As originally published in the New Hampshire Union Leader

The draft of the state budget that passed the House last week is a significant cut to state government but much of the political hype about it from both sides is slightly different from the reality of the numbers.

Faced with the worst budget shortfall in recent history, budget writers were forced to either make significant cuts to state spending or to raise taxes. In the midst of a precarious economic recovery, neither the governor nor the House was willing to raise taxes and hurt job growth even a little bit. That left spending cuts.

Everyone agreed going in that cuts would involve more than just eliminating elusive waste and inefficiency or making small cuts for everyone. The government would actually have to stop doing some things that we might think were a good idea in better economic times. The budget that passed the House is without question the biggest cut in modern state history. On apples to apples terms, the proposed budget would spend 11.3% less in general and education funds, the state operating budget, than we will spend in the current two-year budget. That amounts to an actual cut of $564 million.

The budget can be divided into three parts. Debt service is only 5% of the budget but comprises payments for money we already borrowed in previous years and therefore must pay for. It went up 9% and we had no choice. The remainder of the budget can be divided into two halves: local aid and the operations of state government.

The current budget cuts local aid but by only about 4% to $2.2 billion; most of which is for schools. The governor would have cut local aid a bit more but the House added back in $28 million for special education and $29 million for building aid. Otherwise, they were broadly in agreement, notably on eliminating the state subsidy of local government retirement costs.

The biggest disagreement comes over the state government portion of the budget which the House budget writers reduced by 19% or $481 million. In the current two-year budget ending in June, the state government portion can be divided into Health & Human Services (HHS) and the rest of government, each about half.

The House budget writers did not cut those two chunks equally. In fact, spending on HHS functions was essentially flat, dropping $19 million or 1.5% not counting stimulus money. The other half of government declines in this draft of the budget by 29%.

This isn’t meant to minimize the cuts to HHS. Certainly caseloads are still rising and health care inflation is much higher than price and wage inflation. A 1% cut without significant economic recovery to reduce the pressure is difficult. But in setting a smaller cut for HHS budget writers set clear priorities.

Programs for those who most need help were almost level funded. The rest of government was cut by 29%. Most of us would probably lean toward that sort of priority setting if we had to find a way to reduce the budget.

Having said that, I don’t think the priority setting in the current draft of the budget was all well placed. Because House leadership has been focused on a misplaced downshifting argument, local aid has emerged somehow as a sacrosanct part of the state budget.
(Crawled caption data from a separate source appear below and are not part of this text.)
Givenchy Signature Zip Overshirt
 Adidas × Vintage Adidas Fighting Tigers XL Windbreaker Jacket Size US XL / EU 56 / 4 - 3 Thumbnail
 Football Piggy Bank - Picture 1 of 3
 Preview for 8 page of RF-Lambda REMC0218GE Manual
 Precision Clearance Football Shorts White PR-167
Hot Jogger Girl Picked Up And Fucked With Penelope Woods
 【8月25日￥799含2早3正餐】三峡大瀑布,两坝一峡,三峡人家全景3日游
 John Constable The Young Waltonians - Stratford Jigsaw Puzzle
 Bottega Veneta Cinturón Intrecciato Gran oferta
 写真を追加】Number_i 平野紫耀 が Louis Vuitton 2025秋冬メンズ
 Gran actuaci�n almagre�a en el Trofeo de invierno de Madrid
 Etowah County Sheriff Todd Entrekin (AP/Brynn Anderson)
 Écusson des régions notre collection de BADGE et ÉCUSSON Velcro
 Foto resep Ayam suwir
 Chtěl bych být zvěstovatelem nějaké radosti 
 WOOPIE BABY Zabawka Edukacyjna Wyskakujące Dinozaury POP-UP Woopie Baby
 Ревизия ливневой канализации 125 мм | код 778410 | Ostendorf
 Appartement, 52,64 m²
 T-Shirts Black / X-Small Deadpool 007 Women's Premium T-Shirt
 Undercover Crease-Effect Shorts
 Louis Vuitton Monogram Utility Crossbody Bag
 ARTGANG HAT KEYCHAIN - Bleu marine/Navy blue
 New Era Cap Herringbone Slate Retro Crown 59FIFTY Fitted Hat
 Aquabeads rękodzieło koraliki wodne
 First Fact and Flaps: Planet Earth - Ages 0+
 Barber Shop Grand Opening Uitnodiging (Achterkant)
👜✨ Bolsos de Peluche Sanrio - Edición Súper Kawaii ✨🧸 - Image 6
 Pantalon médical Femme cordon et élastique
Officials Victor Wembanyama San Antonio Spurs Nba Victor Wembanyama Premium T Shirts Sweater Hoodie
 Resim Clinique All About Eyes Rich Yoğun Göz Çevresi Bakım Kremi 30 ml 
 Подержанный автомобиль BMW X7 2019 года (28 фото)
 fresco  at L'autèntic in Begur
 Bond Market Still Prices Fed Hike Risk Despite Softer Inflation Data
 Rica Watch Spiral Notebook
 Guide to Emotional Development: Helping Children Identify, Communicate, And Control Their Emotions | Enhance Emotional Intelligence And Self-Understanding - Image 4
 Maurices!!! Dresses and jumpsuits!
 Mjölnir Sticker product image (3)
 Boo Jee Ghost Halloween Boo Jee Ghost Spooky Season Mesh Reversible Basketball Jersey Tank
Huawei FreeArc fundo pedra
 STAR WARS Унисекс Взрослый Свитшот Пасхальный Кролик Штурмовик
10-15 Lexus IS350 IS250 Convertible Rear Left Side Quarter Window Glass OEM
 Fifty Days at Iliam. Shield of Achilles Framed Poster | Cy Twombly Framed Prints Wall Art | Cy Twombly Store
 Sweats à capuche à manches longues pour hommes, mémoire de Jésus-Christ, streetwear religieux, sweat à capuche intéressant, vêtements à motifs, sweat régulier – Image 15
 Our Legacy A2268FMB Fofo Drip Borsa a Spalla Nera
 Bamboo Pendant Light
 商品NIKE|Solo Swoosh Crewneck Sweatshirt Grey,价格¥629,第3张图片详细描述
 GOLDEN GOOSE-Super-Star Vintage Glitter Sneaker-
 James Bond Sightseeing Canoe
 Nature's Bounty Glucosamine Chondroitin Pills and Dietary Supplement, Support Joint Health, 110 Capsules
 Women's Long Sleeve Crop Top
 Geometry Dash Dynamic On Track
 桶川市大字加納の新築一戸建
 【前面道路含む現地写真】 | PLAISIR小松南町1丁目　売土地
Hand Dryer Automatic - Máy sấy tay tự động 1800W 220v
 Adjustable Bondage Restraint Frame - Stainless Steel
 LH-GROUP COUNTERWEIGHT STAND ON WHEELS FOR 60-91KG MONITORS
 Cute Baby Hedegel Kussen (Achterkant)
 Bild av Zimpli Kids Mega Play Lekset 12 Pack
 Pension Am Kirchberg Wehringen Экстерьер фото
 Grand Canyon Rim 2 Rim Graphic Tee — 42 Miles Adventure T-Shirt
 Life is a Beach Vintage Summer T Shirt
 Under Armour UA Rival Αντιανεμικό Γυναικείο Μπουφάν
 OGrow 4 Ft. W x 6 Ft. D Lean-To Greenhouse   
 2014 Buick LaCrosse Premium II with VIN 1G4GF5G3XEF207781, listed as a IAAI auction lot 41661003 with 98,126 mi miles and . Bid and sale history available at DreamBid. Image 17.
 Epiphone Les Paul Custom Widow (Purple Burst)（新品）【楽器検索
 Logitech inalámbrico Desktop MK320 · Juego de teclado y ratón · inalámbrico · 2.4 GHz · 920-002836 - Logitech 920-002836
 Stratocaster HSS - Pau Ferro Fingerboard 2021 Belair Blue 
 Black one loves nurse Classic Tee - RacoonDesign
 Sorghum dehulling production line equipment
The argument is that while cuts to state government operations are fine, any reduction in local aid is a “downshift” and will result in higher property taxes. This argument wrongly presumes that state government has the ability to reduce its expenditures 29% in some areas but local governments can’t ever reduce anything even in budget crises.

It would seem more rational that if state government and local aid are each half of the state operating budget, the part funded by regular taxes, then each half could be reduced by a similar percentage without one side claiming the other is shifting its burdens. In contrast, the current House draft cuts local aid by 4% and the rest of state government by 19%.

I think an 11% cut to each half would be equitable. Without question it would require difficult choices to be made at the town and school level but no more difficult than the choices being made in Concord.